# Provided data
== Segment start ==

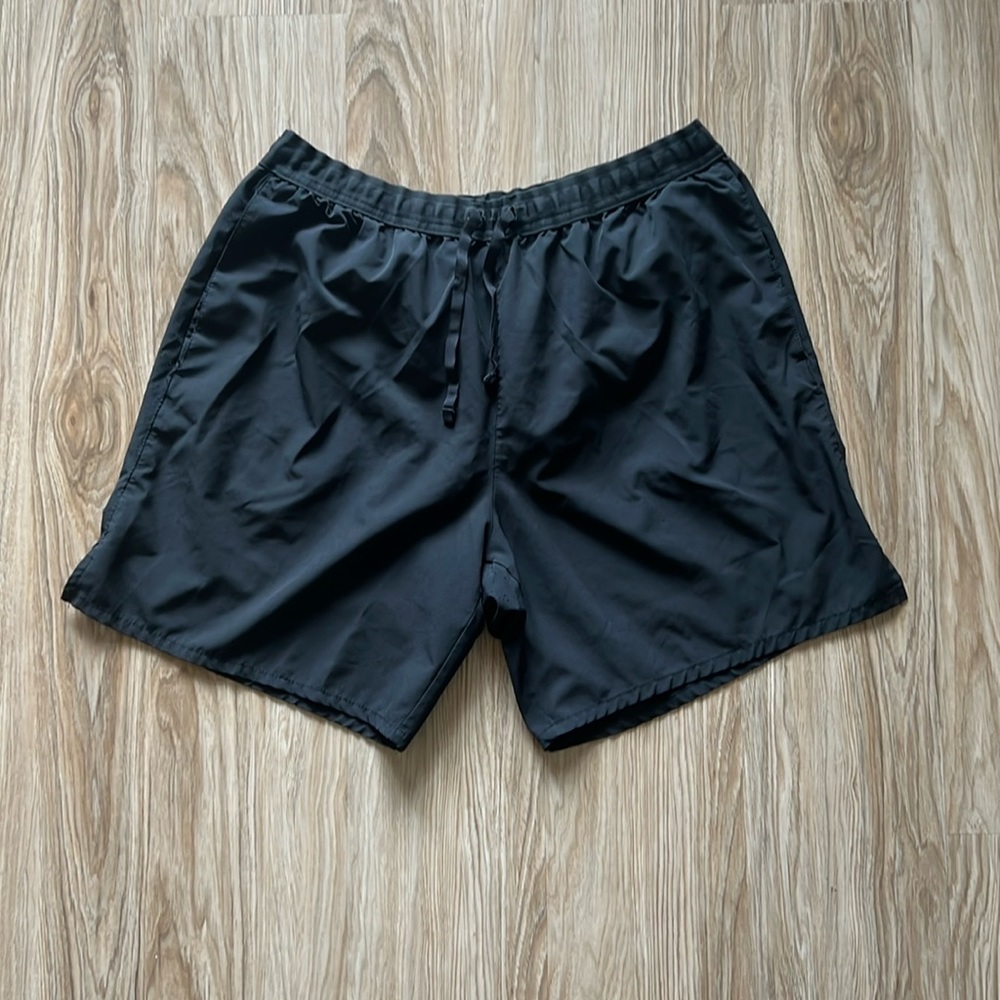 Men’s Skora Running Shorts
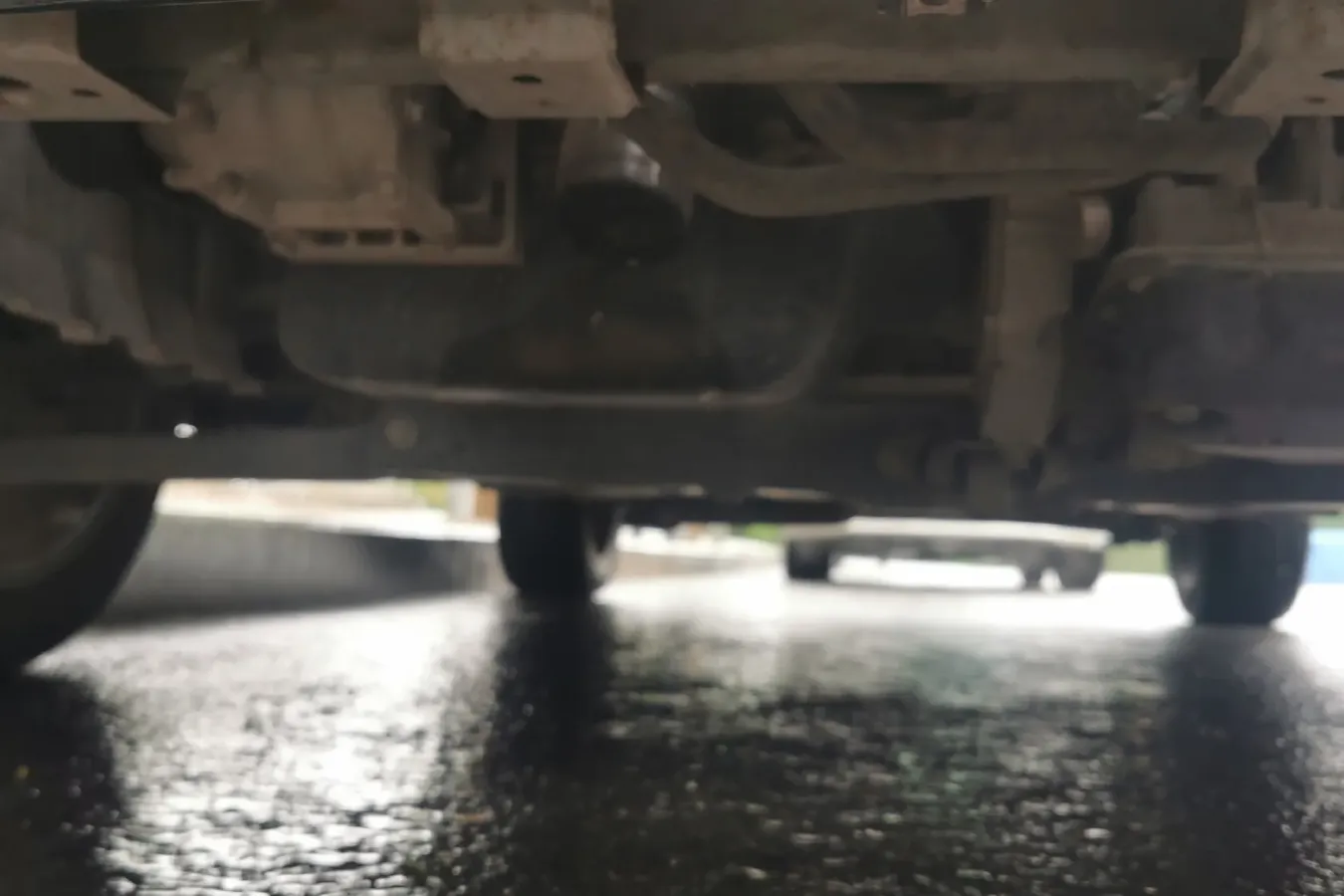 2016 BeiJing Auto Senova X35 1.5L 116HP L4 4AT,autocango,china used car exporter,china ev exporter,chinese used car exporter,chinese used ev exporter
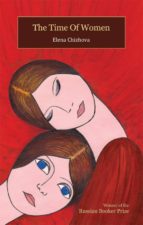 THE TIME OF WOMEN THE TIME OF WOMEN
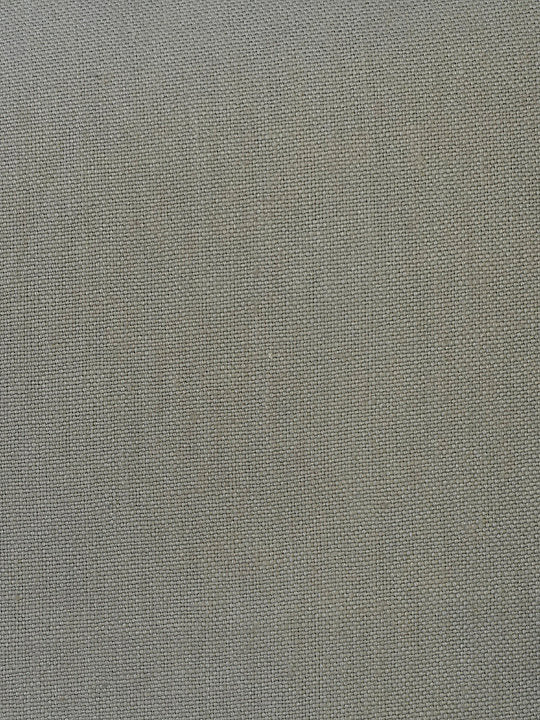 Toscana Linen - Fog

== Segment end ==
== Segment start ==

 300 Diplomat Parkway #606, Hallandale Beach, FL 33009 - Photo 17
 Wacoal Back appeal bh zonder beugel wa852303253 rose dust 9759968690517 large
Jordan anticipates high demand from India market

== Segment end ==

# Task
Could you set down, exactly as written, the lines above between the one holding "300 Diplomat Parkway" and the one holding "Jordan anticipates high", inclusive, and nothing more?

# Result for this task
 300 Diplomat Parkway #606, Hallandale Beach, FL 33009 - Photo 17
 Wacoal Back appeal bh zonder beugel wa852303253 rose dust 9759968690517 large
Jordan anticipates high demand from India market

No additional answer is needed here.